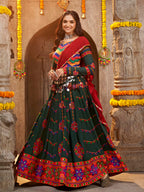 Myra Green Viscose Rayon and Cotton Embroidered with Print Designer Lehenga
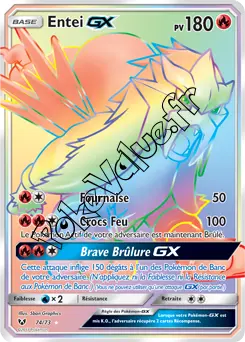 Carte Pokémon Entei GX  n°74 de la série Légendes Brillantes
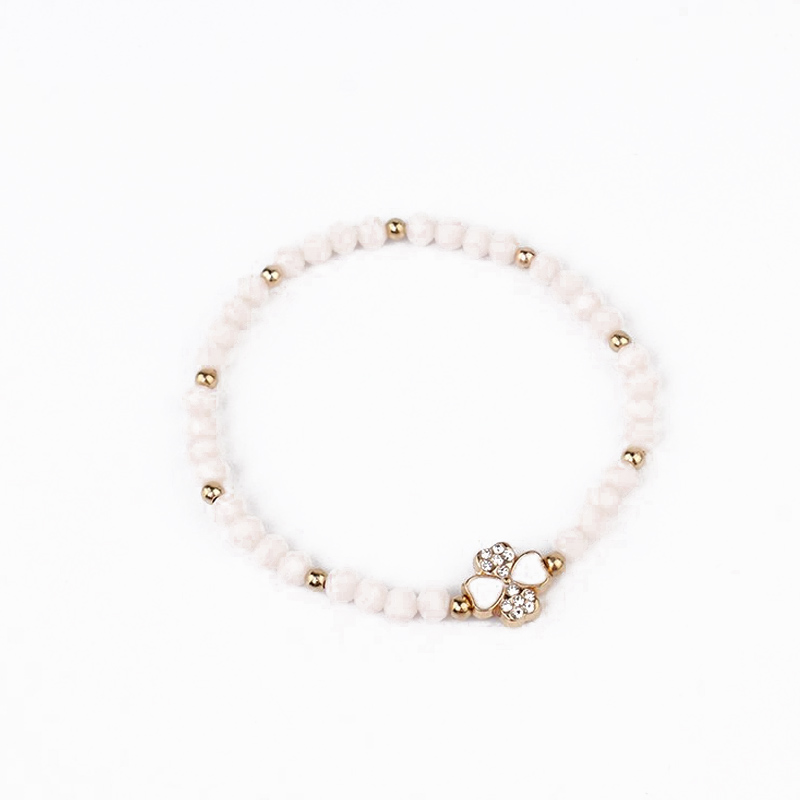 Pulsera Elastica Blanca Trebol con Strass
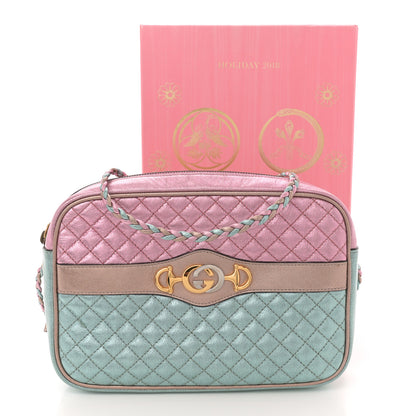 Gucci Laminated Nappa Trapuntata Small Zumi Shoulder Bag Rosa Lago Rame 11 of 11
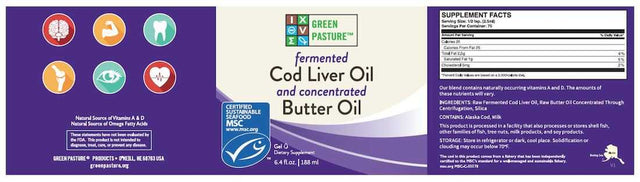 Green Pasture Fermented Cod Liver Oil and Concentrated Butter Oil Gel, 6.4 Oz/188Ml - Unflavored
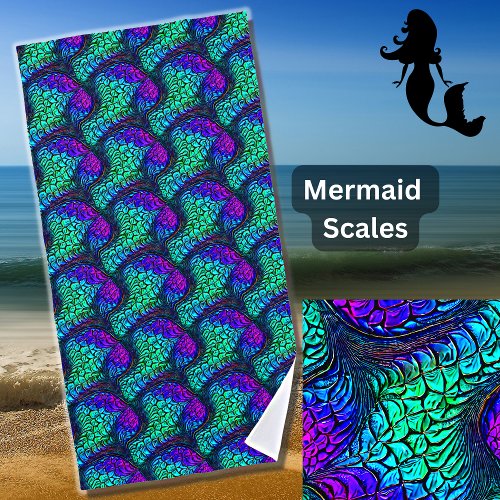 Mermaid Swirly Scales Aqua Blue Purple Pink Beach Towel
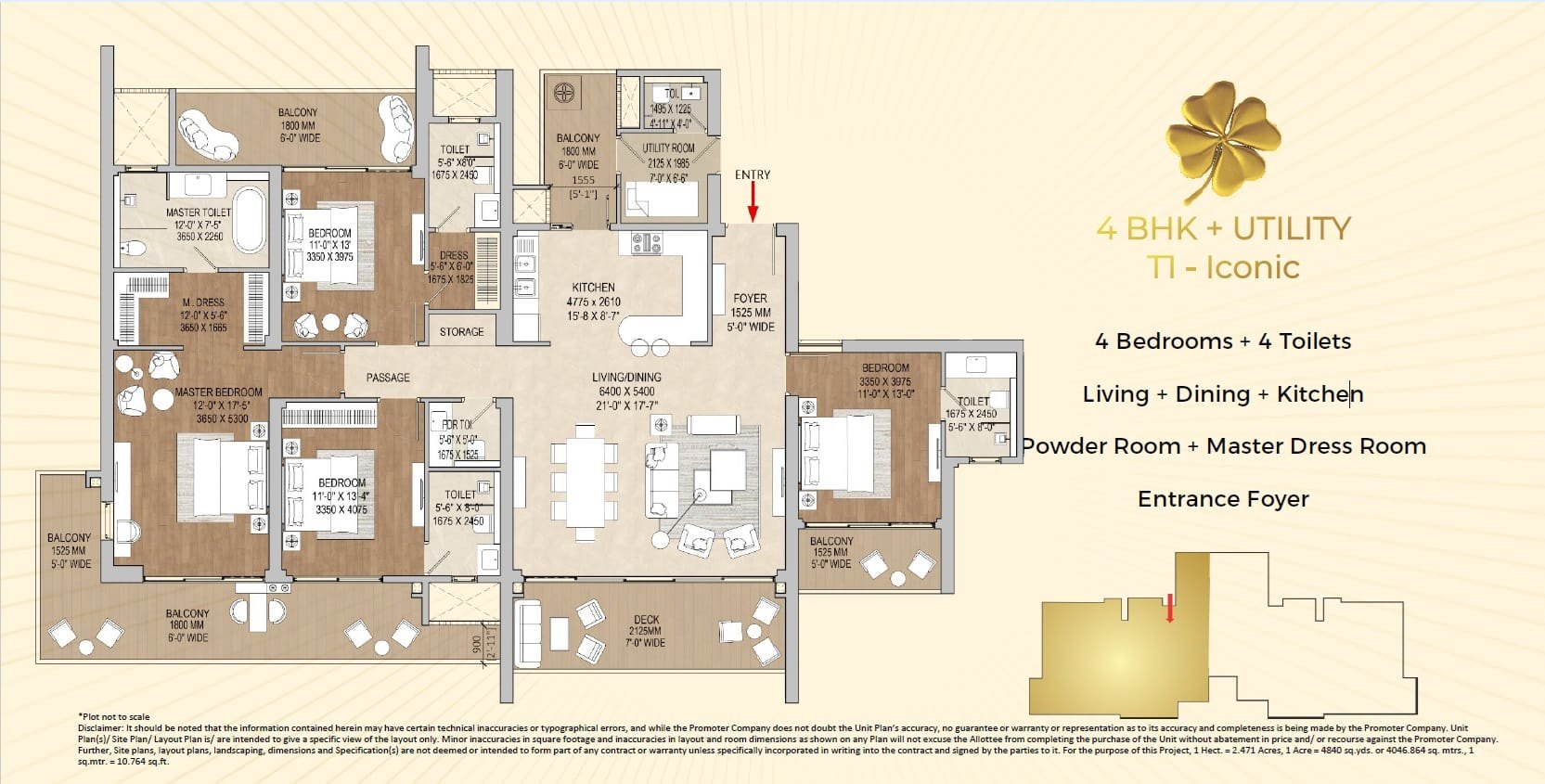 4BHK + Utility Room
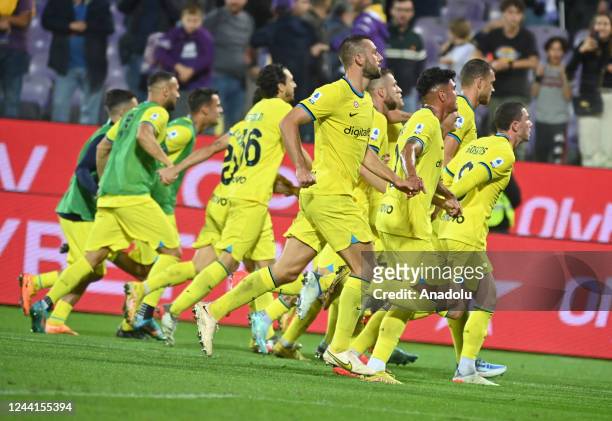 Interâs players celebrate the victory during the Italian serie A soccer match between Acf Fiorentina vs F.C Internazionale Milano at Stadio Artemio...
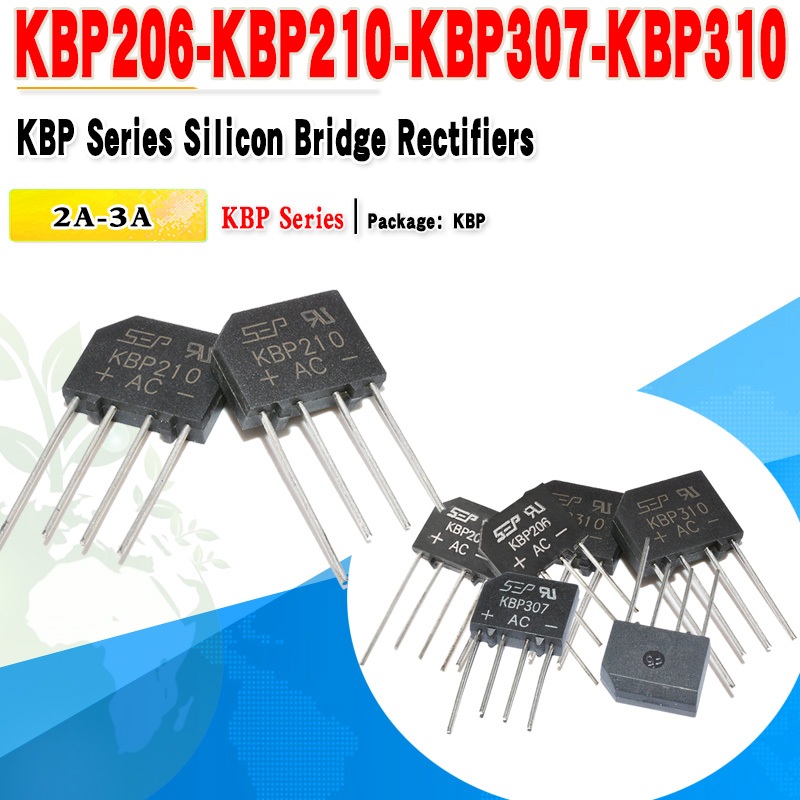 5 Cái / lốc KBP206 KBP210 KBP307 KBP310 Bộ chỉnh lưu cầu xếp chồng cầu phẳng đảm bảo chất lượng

---

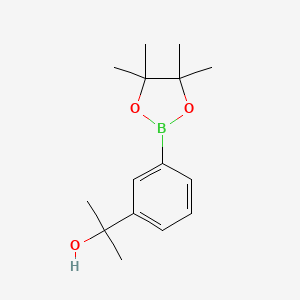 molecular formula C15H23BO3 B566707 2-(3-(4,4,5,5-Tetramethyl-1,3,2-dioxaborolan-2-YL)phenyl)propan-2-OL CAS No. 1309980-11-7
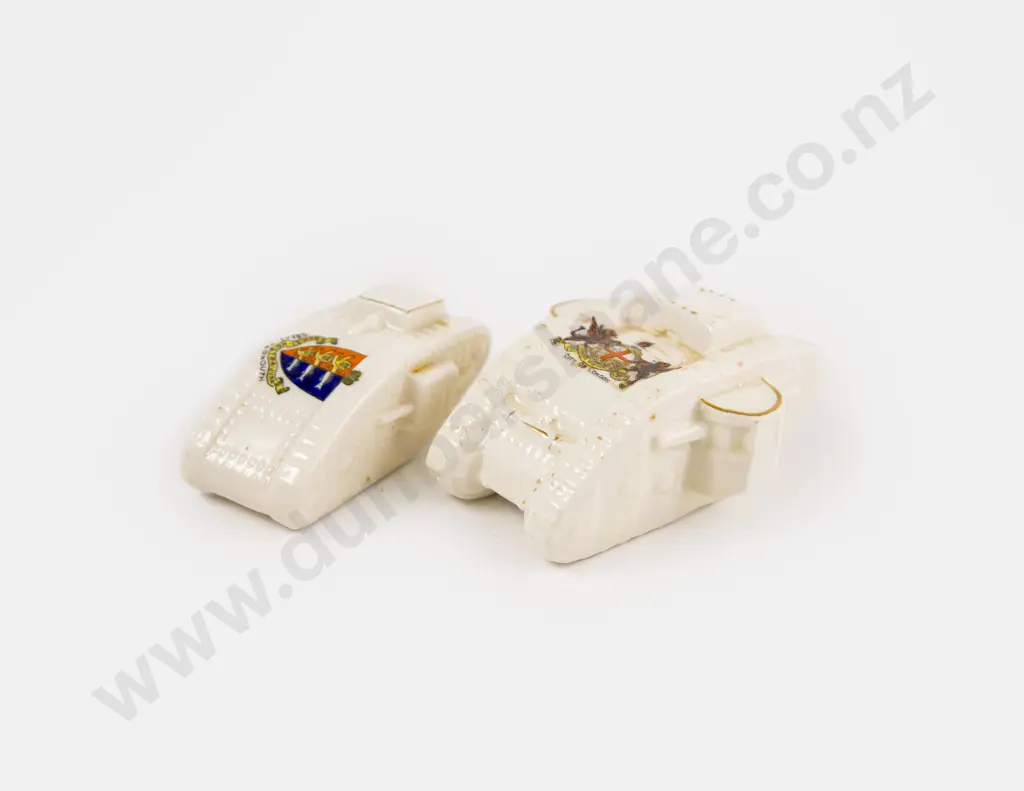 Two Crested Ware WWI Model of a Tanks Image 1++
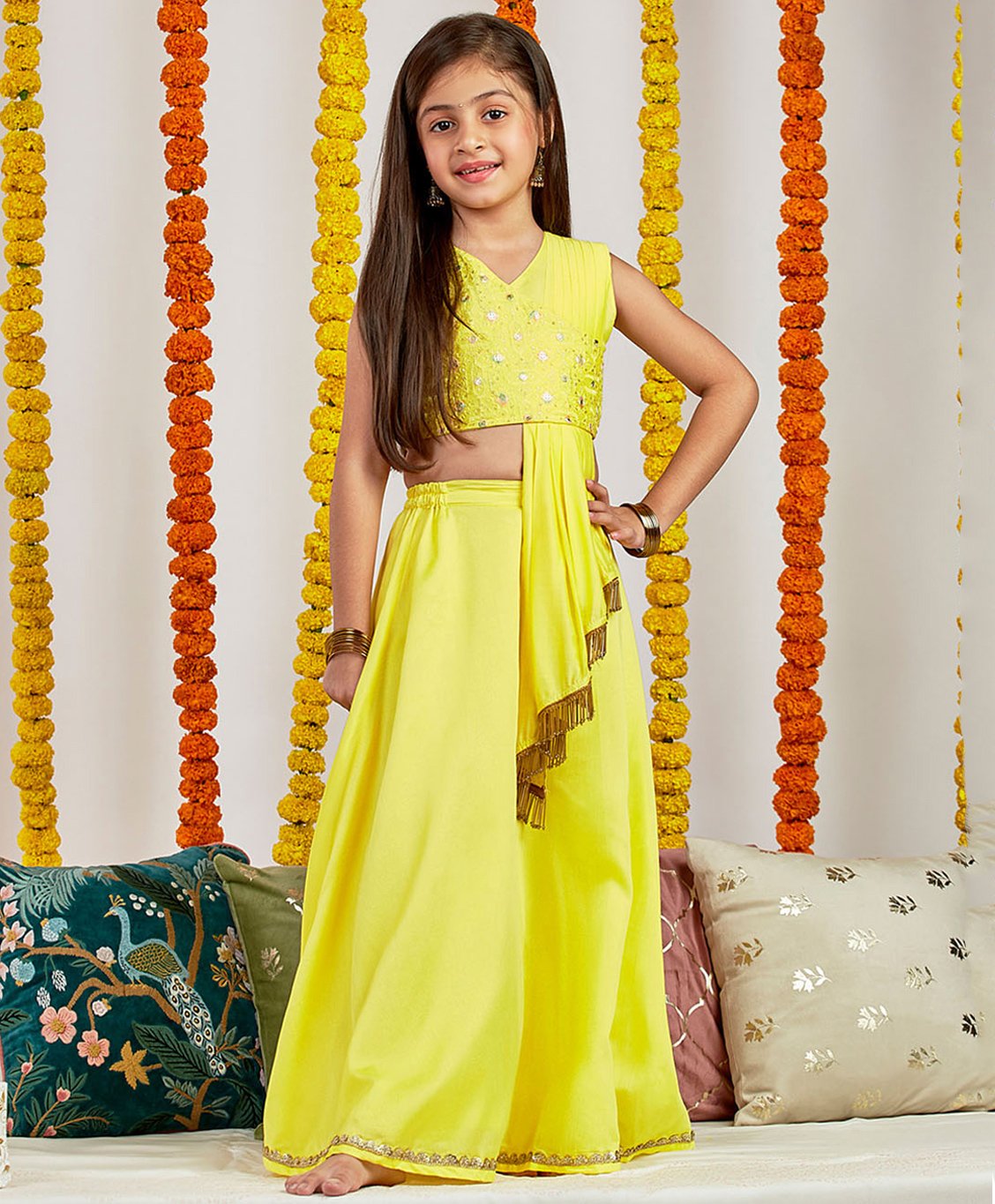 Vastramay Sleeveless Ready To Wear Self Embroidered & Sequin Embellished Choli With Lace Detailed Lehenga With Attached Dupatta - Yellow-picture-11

> **What to do**
An exact copy is needed of the entries above, starting at the line that holds "Green Pasture Fermented" and stopping at the line that holds "4BHK + Utility Room", both kept; pictures stay out.

> **Output of the task**
 Green Pasture Fermented Cod Liver Oil and Concentrated Butter Oil Gel, 6.4 Oz/188Ml - Unflavored
 Mermaid Swirly Scales Aqua Blue Purple Pink Beach Towel
 4BHK + Utility Room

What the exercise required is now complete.